Iraq, the BP oil spill, the rights of union workers, food insecurity, and the juvenile incarceration system aren't necessarily the first things that come to mind when one thinks of a summer afternoon in Santa Barbara. However, they're what documentary filmmaker and longtime Santa Barbara resident Mark Manning concerns himself with. I walk down a red brick path through a verdant garden to arrive at Manning's office at Conception Media, which is in the back cottage of a nice town house. Inside, a husky sleeps on the floor, a few screen-savers swirl on several monitors in the background, and Manning goes about brewing herbal tea after kissing his beautiful wife goodbye for the afternoon. He probably went surfing this morning, but he spent all last summer filming incarcerated youth.

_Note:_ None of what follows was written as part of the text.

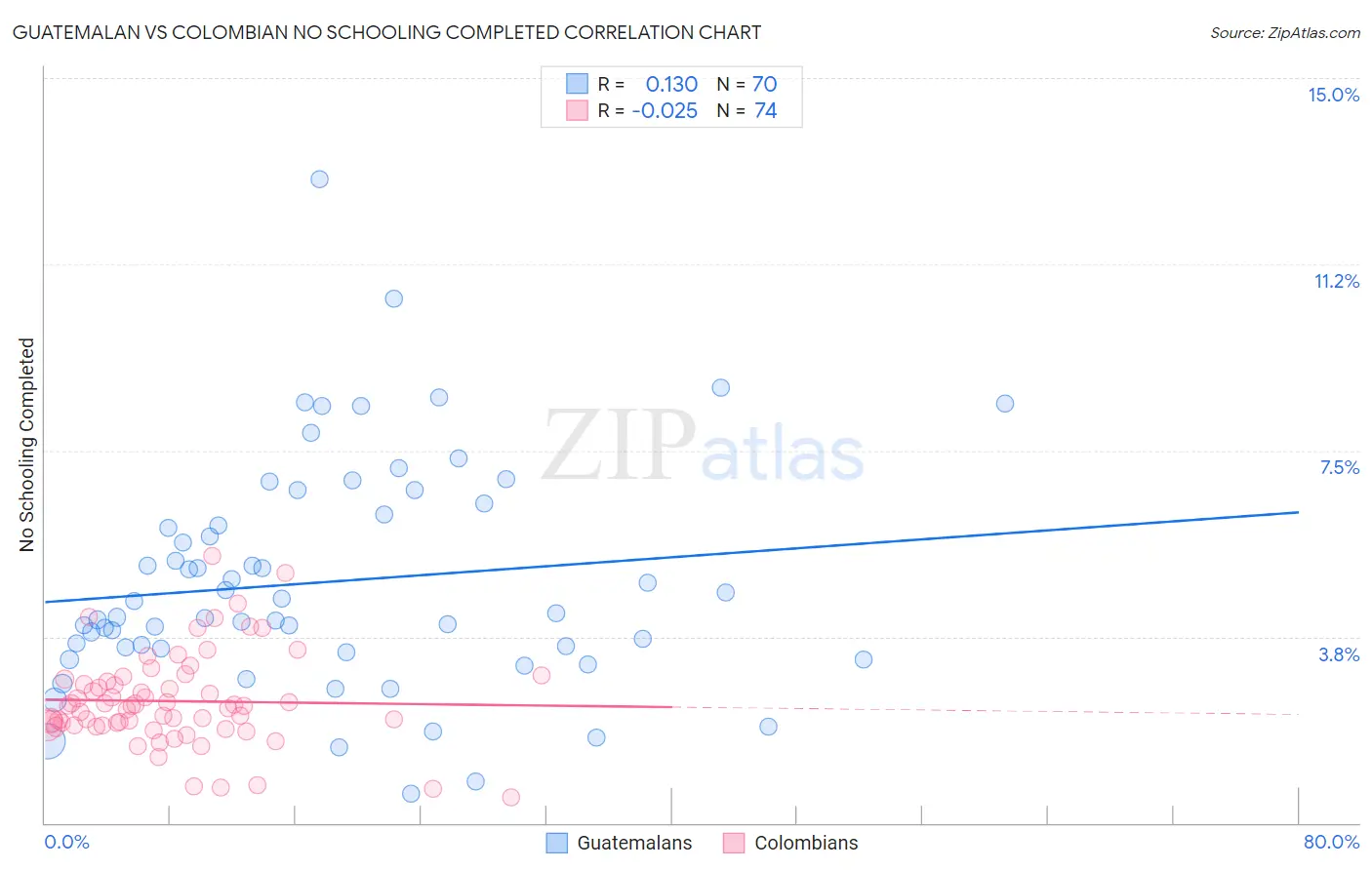 Guatemalan vs Colombian No Schooling Completed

After journeys across the country and world for his documentaries, what about the Odyssey Project -- a partnership between UCSB and the juvenile justice system that brings incarcerated young men into a theater workshop -- caught Manning's eye? Why this, for his newest film?

"I always look for a way to tell a real important social issue through characters. To humanize the issue," Manning says, leaning back in his chair.

"I wanted to tell the story of the criminal justice system...and I did it because I was a little bit afraid. I had some fear about meeting them. I realized I don't know anything about young people of color who are locked up. I'm living a life of white privilege here; Santa Barbara is one of the centers of white privilege in the world. To tell the story of the prison pipeline here is a good juxtaposition."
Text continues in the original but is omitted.